Imagine that instead of a bunch of chassis, or module-based switches, a network could be powered by a series of intelligent processors, tied together by high-speed Ethernet connections.
Sure the idea sounds far-fetched. That is until you consider that Charlie Giancarlo, Cisco Systems’ CTO and president of Cisco’s Linksys division, believes the network is moving down the path to intelligent processor-based switches.
Giancarlo sat down with IT World Canada staff to share his thoughts on the future of networking at Cisco’s Partner Summit, being held this week in Vancouver.
In fact, Giancarlo says, Cisco and several partners, including operating systems outfits, have already begun talking about how to achieve processor-based switching.
Processor-based switches are still probably at least three or four years away from reality, Giancarlo admits. “We’re really at the very front end,” he says.
But they aren’t a pipe dream.
Bandwidth on Ethernet networks has increased so much and latency has been lowered sufficiently to enable Ethernet to behave much like a PCI bus inside a computer acts now, Giancarlo explains. “On the fly you can associate an arbitrary number of processors to a corporate problem.”
If that sounds like the same thing as on-demand, or utility computing, that’s because it is.
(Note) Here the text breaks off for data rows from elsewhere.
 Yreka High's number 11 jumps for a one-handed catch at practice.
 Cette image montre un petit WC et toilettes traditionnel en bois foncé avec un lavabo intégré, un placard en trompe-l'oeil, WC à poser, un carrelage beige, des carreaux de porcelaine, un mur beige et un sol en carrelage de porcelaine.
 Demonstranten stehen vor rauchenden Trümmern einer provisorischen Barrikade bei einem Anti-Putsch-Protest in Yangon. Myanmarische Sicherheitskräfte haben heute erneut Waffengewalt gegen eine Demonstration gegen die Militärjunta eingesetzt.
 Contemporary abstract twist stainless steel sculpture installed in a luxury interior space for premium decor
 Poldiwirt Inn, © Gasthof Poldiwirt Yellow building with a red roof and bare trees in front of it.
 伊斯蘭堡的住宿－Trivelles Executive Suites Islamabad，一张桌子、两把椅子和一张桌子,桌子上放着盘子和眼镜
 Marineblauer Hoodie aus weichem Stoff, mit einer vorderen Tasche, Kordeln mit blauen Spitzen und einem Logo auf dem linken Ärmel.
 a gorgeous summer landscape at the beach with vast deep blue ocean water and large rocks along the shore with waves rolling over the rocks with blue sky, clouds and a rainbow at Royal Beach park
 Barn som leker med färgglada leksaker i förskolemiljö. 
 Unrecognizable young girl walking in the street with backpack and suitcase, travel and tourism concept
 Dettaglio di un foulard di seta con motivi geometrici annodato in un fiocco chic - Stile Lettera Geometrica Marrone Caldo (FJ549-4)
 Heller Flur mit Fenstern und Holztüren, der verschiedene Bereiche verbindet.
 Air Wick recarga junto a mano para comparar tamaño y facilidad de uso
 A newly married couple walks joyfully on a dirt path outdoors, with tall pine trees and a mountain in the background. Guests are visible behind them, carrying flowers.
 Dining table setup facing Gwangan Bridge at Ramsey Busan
Switching would just become another application processors would team up to handle, Giancarlo says.
Getting to processor-based switching will require a great deal of coordination between major systems, infrastructure and OS vendors, Giancarlo says. But it will happen, because the major IT vendors’ data centre customers are being swamped by a wave of devices such as blades and disks that will ultimately become unmanageable.
“This is one of those events where deeper collaboration (between the vendors) will be necessary,” he says.